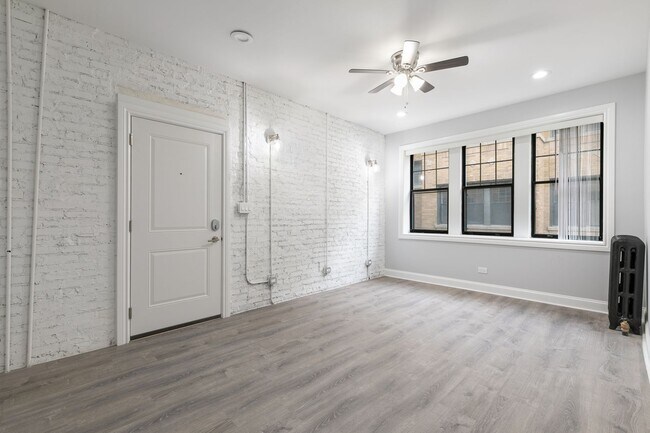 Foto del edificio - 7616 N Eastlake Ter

---

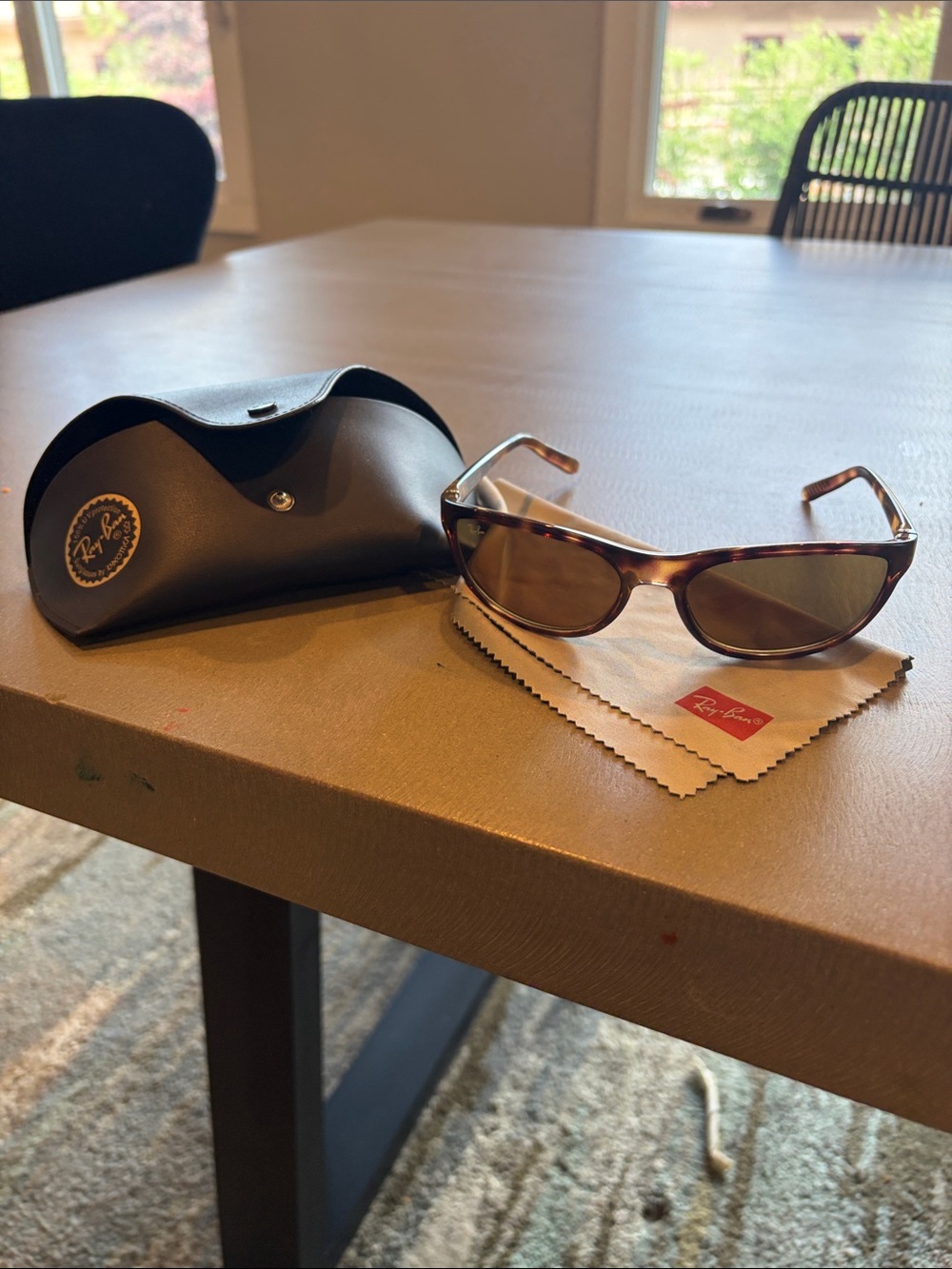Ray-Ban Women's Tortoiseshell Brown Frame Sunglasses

* * *

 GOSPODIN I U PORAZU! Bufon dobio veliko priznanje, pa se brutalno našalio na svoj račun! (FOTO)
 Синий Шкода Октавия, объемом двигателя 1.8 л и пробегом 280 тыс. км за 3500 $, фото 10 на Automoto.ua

_TASK DESCRIPTION_.
An exact copy of the lines above between the line holding "GOSPODIN I U" and the line holding "Синий Шкода Октавия, объемом", inclusive, is the whole answer.

_RESPONSE AREA_.
 GOSPODIN I U PORAZU! Bufon dobio veliko priznanje, pa se brutalno našalio na svoj račun! (FOTO)
 Синий Шкода Октавия, объемом двигателя 1.8 л и пробегом 280 тыс. км за 3500 $, фото 10 на Automoto.ua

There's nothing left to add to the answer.